L’attivazione della procedura di conciliazione comporta la sospensione della sanzione disciplinare.
La sospensione ha decorrenza dal momento in cui il datore ha avuto legale notizia del ricorso del lavoratore alla Direzione (pervenendogli da quest’ultima l’invito di designare il suo arbitro) ed opera fino alla pronuncia del lodo da parte del Collegio.
Una volta presentata dal dipendente la richiesta di attivazione della procedura di conciliazione, il datore ha l’onere di nominare, entro 10 gg. dall’invito rivoltogli dall’ITL, un proprio rappresentante in seno al Collegio di conciliazione.
Se il datore non provvede a nominare il proprio rappresentante entro il termine suddetto, la sanzione disciplinare resta priva di qualsiasi effetto.
Quando non voglia rimettersi al giudizio del Collegio, il datore, in alternativa alla nomina del rappresentante nel Collegio di conciliazione, ha la possibilità di ricorrere al giudice ordinario: in questo caso però l’azione giudiziaria dovrà essere proposta a pena di decadenza entro i 10 gg. successivi a quello in cui il datore ha ricevuto l’invito dell’ITL a nominare il proprio rappresentante in sede al Collegio (cioè entro lo stesso termine entro il quale dovrebbe essere nominato il rappresentante dell’azienda).

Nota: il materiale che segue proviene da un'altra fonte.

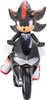 Mały Zestaw Sonic 3 The Hedgehog Figurka Shadow + czarny Motocykl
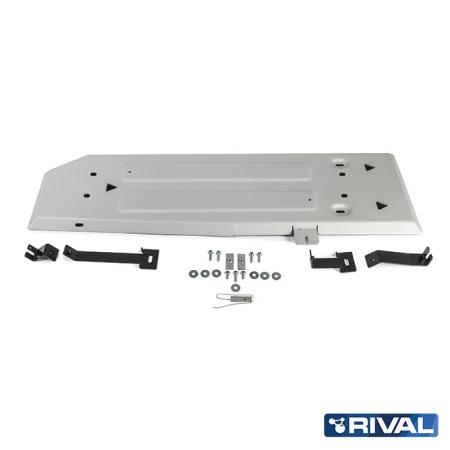 SKID PLATES MARCA RIVAL - PARA FORD RANGER 2012+ (ALUMINIO / ESTANQUE) -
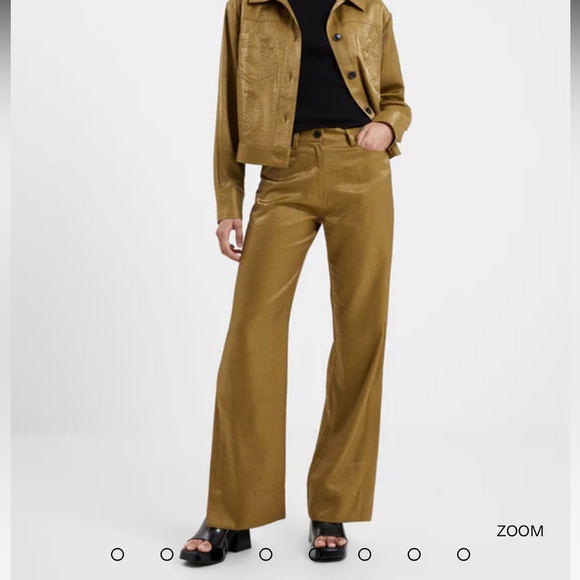 Cammie Shimmer Flare Trousers - Picture 2 of 10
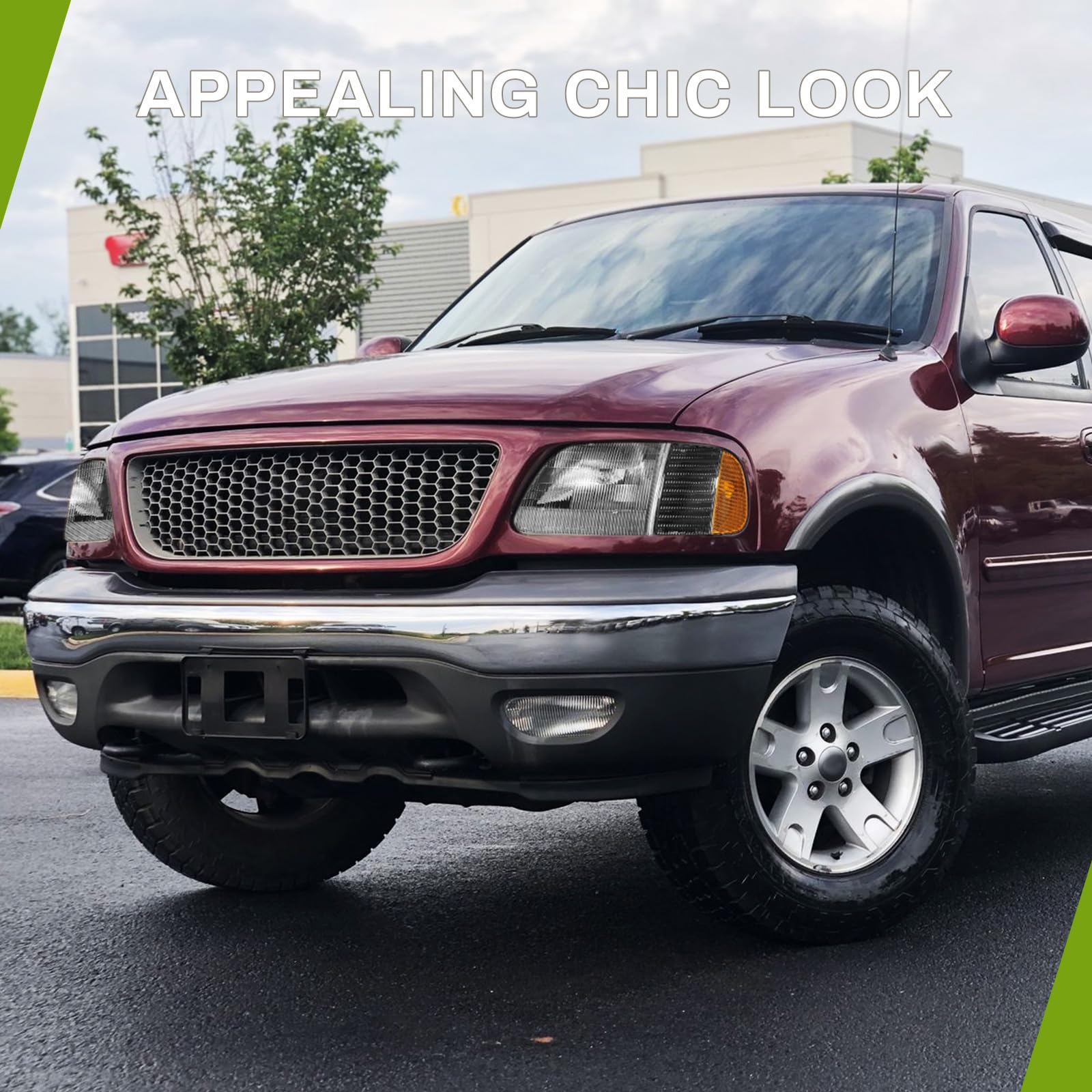 Autosaver88 Headlight Assembly Compatible With 97-03 Ford F-150/97-02 Ford Expedition Pickup Headlamp Replacement Black Housing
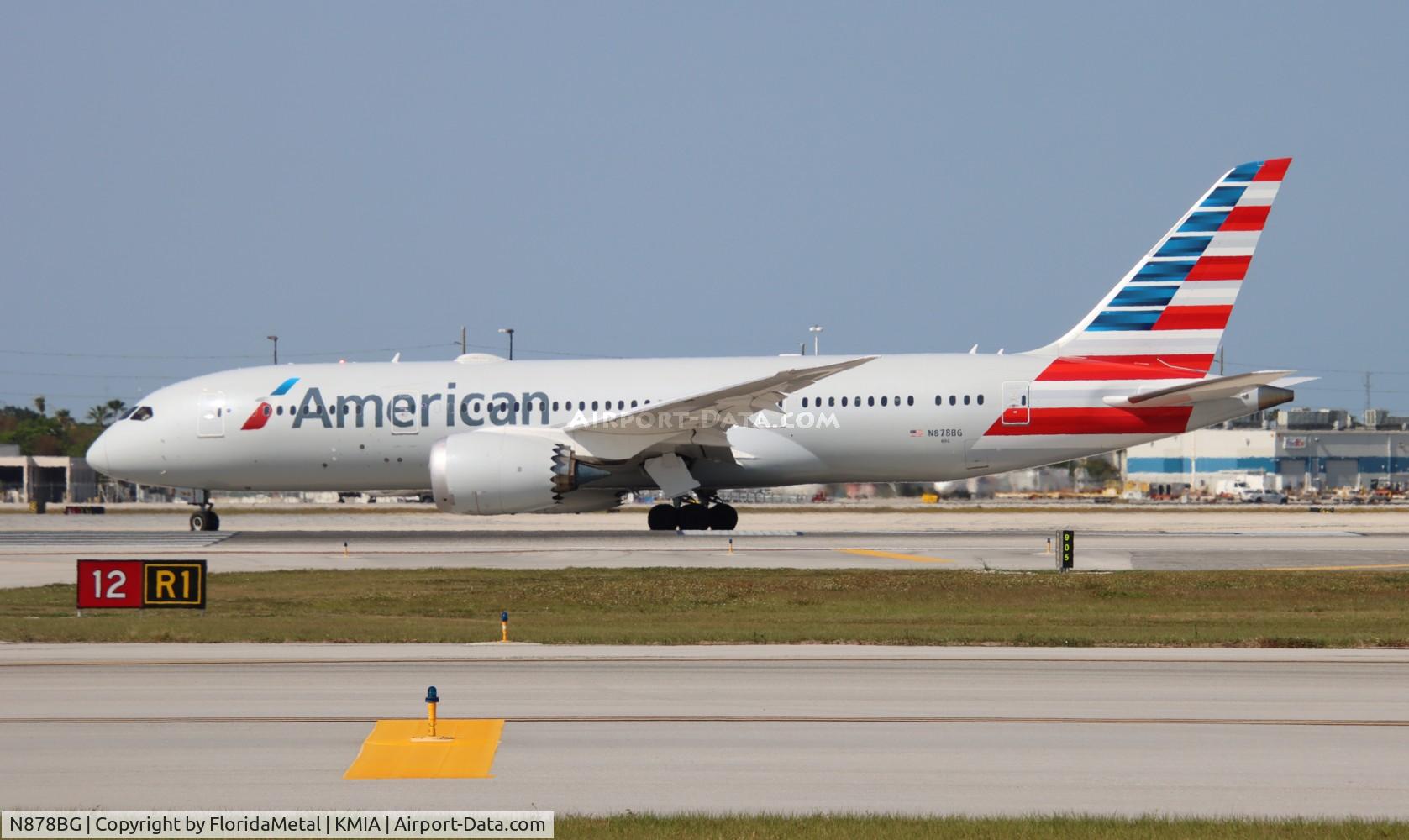 N878BG, 2022 Boeing 787-8 Dreamliner Dreamliner C/N 65998, AAL 788 zx mia-lax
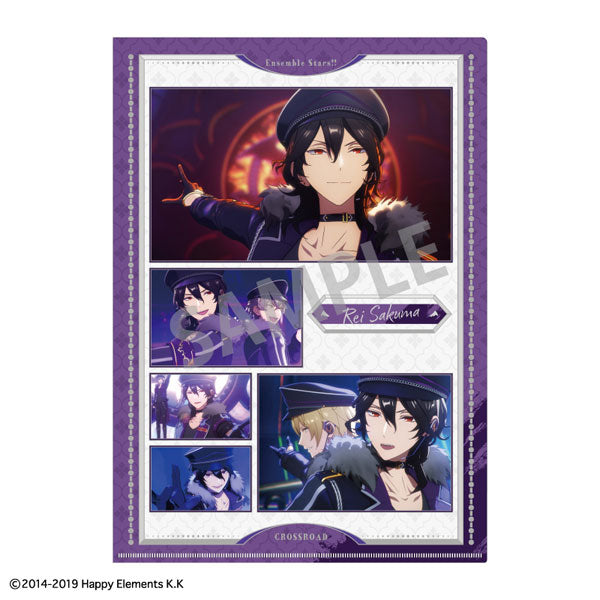 [Pre-order] Rei Sakuma / UNDEAD - Ensemble Stars!! Reminiscence Selection "Crossroad" A4 Single Clear File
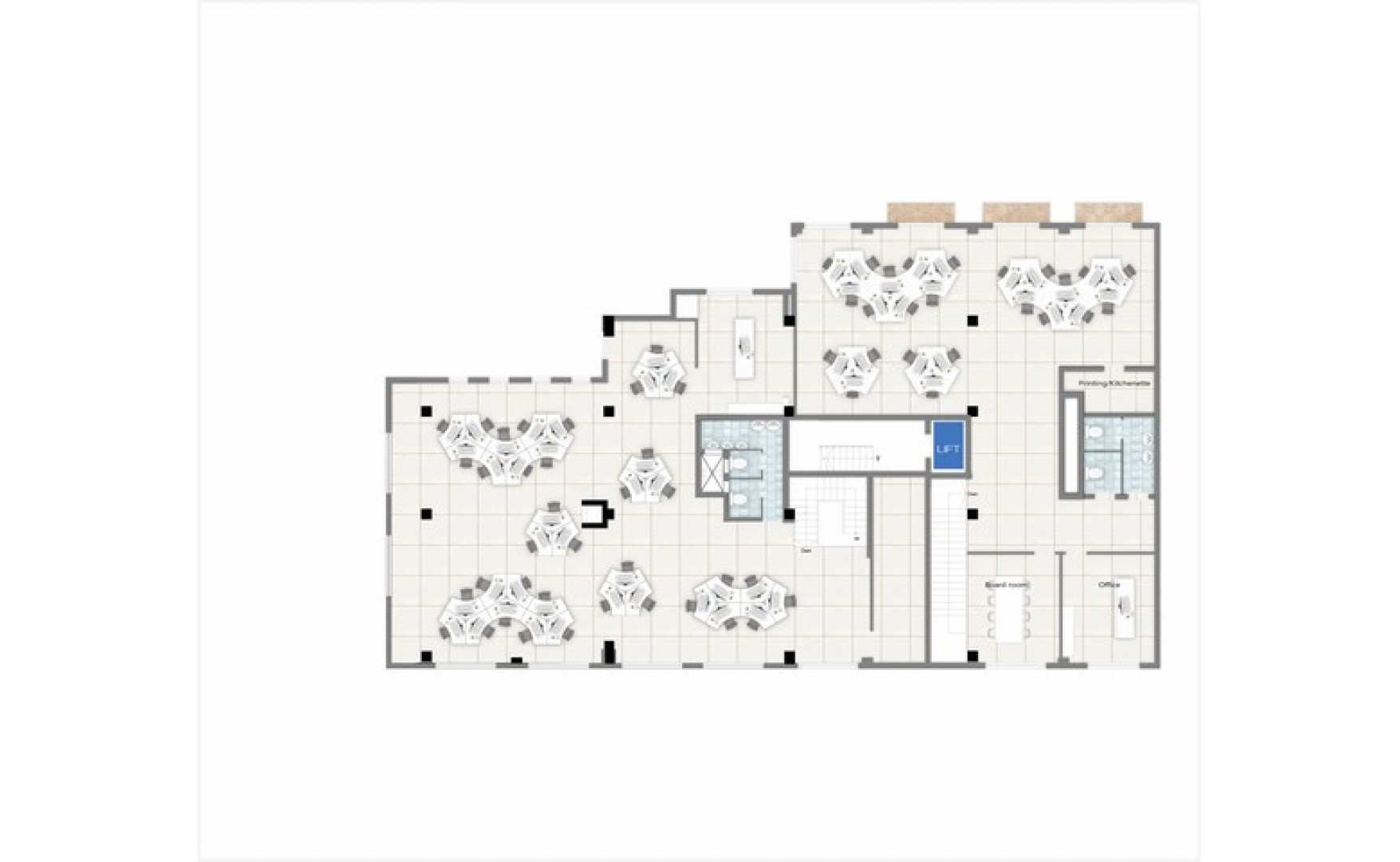 Sliema 510 sqm commercial premises for rent in Sliema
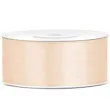 tasiemka satynowa classic kremowa partydeco 25 mm 25 m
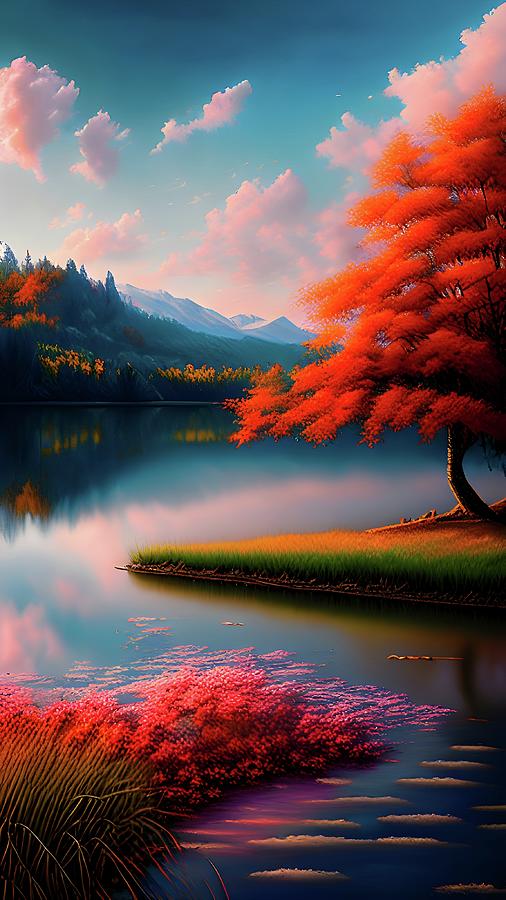 Nature landscape digital art Digital Art by Mihai B - Fine Art America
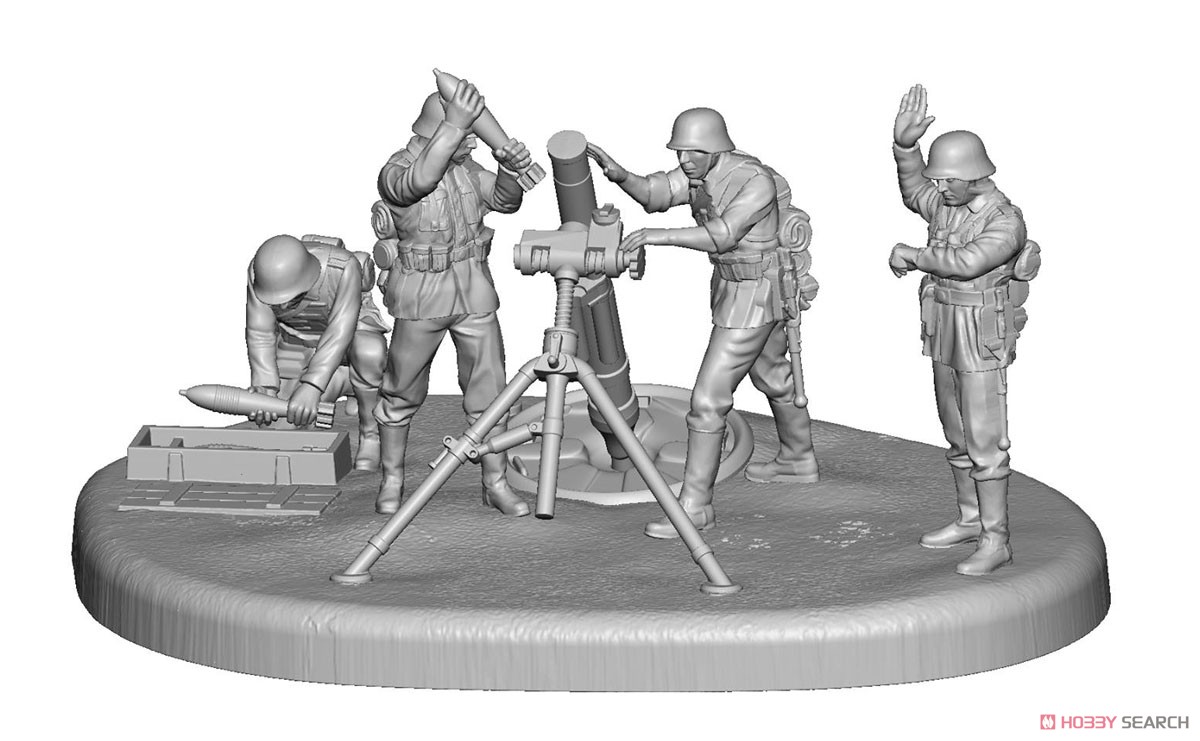 German 120mm Mortar with Crew (Plastic model) Other picture7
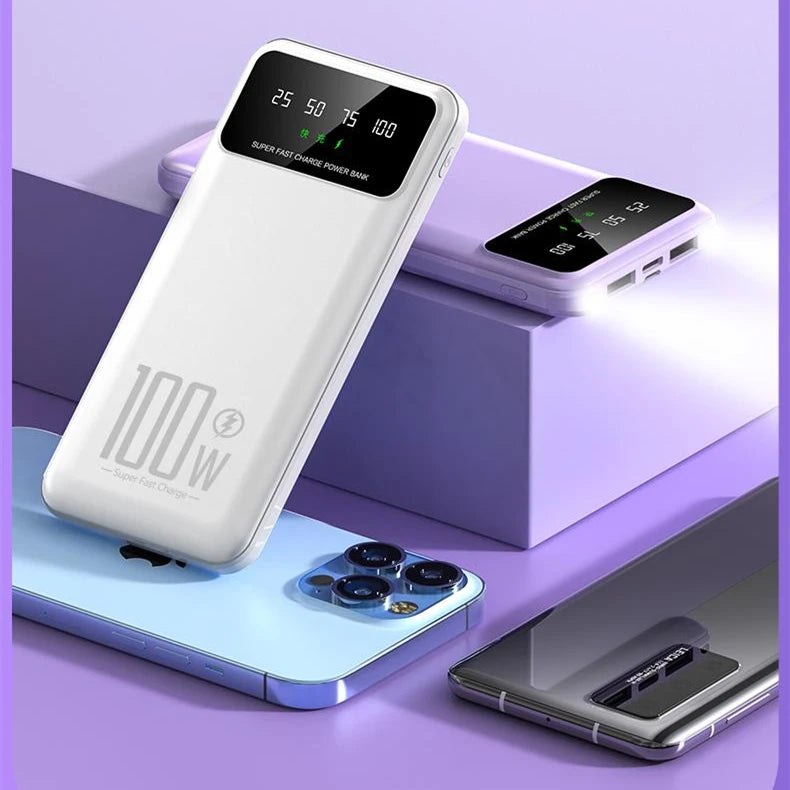 PD22.5W Super Fast Charging Mobile Power Banks 10000mah 18w Type-C Input Output With LED Flashlight Dual USB Power Bank 20000mAh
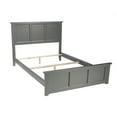 thumbnail image 2 of Traditional Full Bed Frame with Footboard - Classic Bedroom Furniture, Grey Finish, 78"x57.75"x44.25", 2 of 10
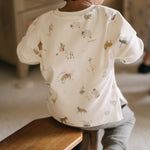 Dropped Shoulder Long Sleeve Top - On the Farm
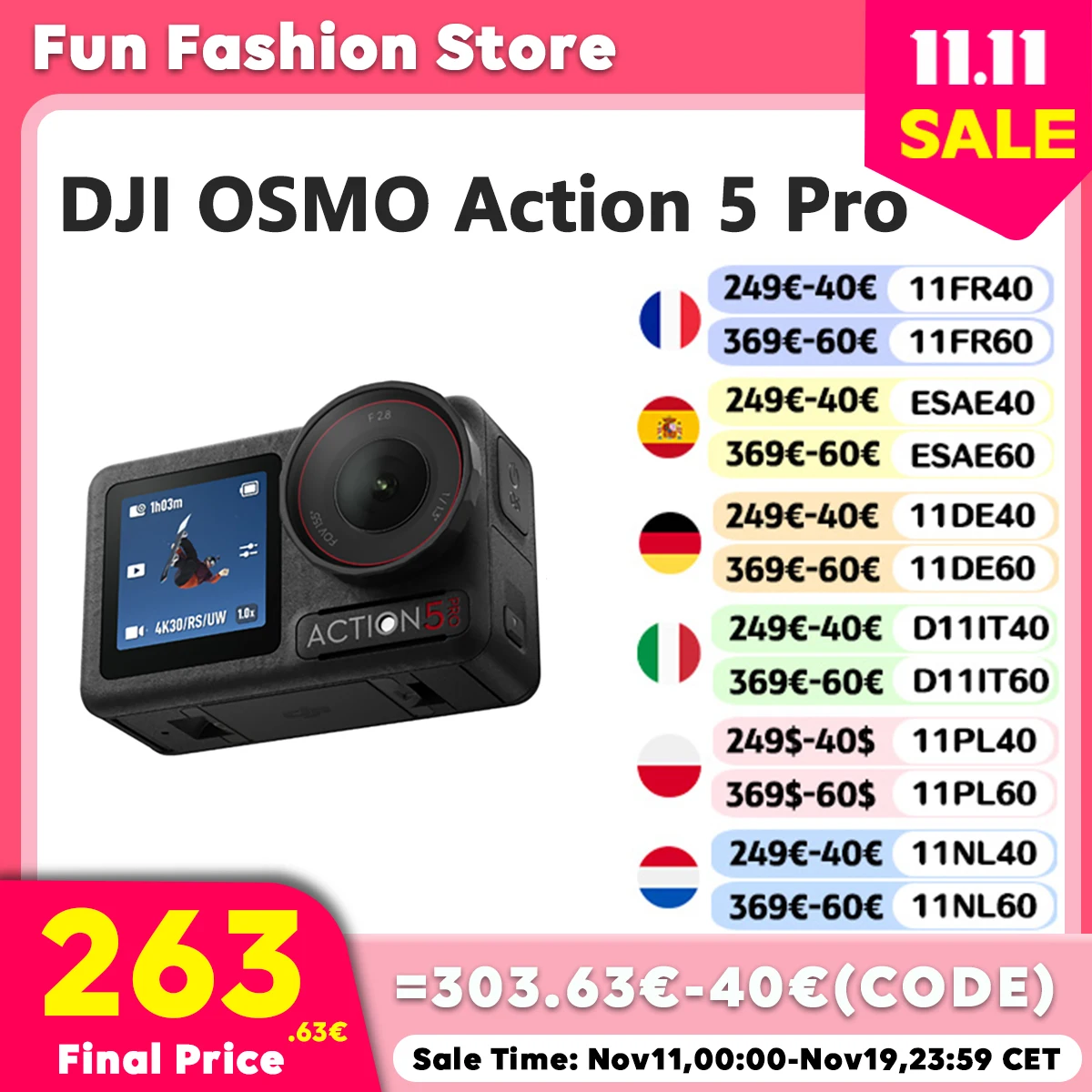 شاشات لمس DJI-Osmo 5 Pro OLED عالية السطوع ، مستشعر أصلي ، عمر بطارية ممتد لمدة 4 ساعات ، ثنائي OLED ، متوفر ، 3" #1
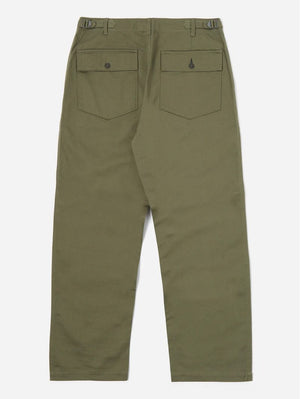 Universal Works Light Olive Fatigue Pants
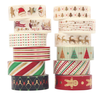 12 rouleaux de papier autocollants étiquette cadeau de noël décoration bricolage créatif ruban de masquage cadeau de noë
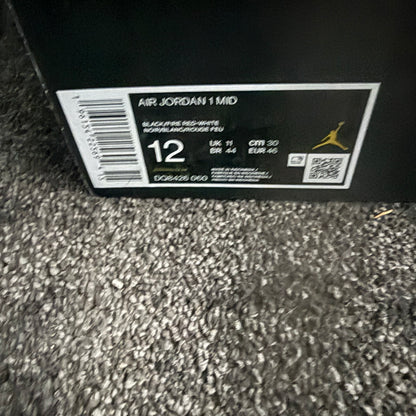 Jordan 1 Mid Alternate Bred (2022)
12M Brand New Authentic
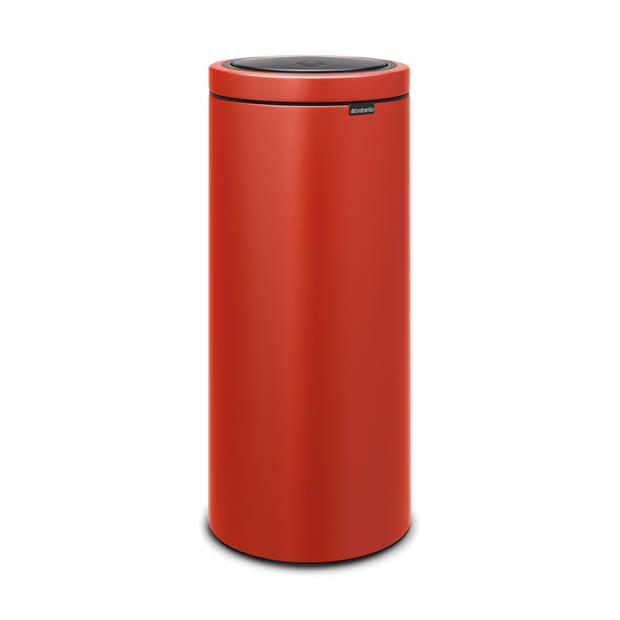Brabantia Touch Bin Flat Top Afvalemmer 30 liter - Happy Red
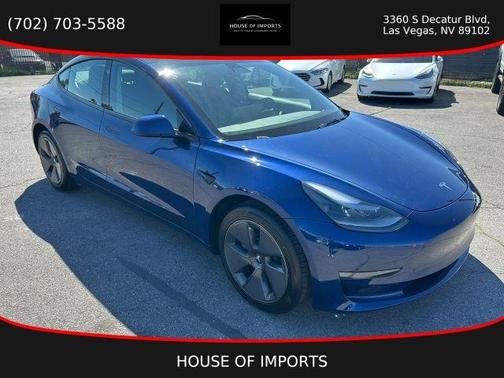Blue 2023 Tesla Model 3 Base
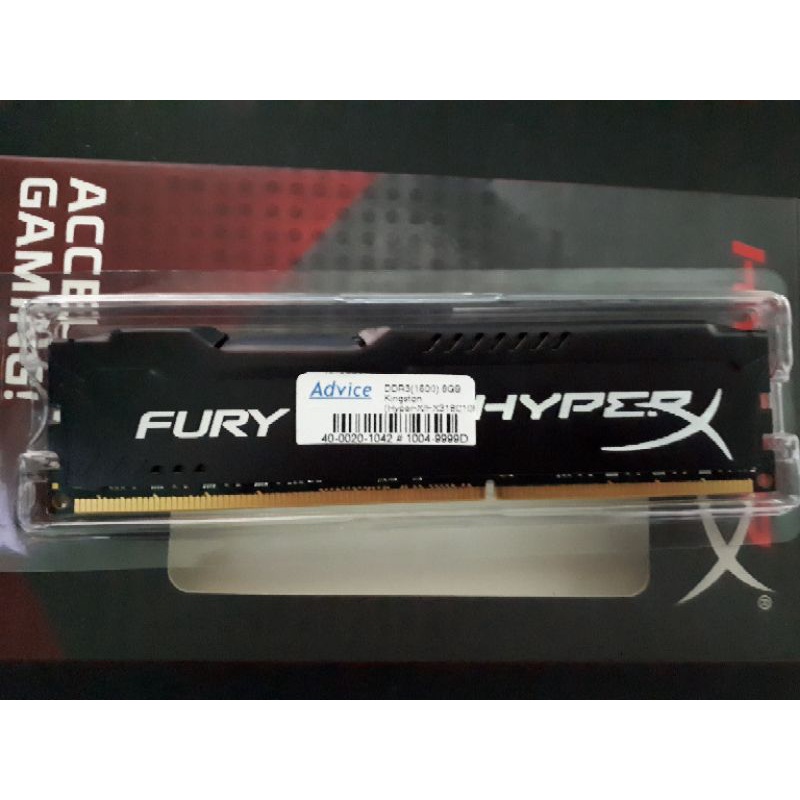 ram ddr3 (1600) 8g kinston hyper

- Ricorso diretto all'Autorità Giudiziaria
In alternativa all’attivazione della procedura conciliativa il dipendente può scegliere di ricorrere direttamente all’Autorità Giudiziaria.
Secondo la giurisprudenza l’azione giudiziaria è proponibile fino a quando non si sia perfezionato il patto compromissorio con la designazione degli arbitri: dopo questo momento la scelta della procedura conciliativa preclude la possibilità di ricorrere al giudice ordinario, dovendo il lavoratore aspettare la decisione assunta dal collegio arbitrale.
Se però gli arbitri non riescono a raggiungere un lodo sulla questione, risorge il diritto di ricorrere all’autorità giudiziaria.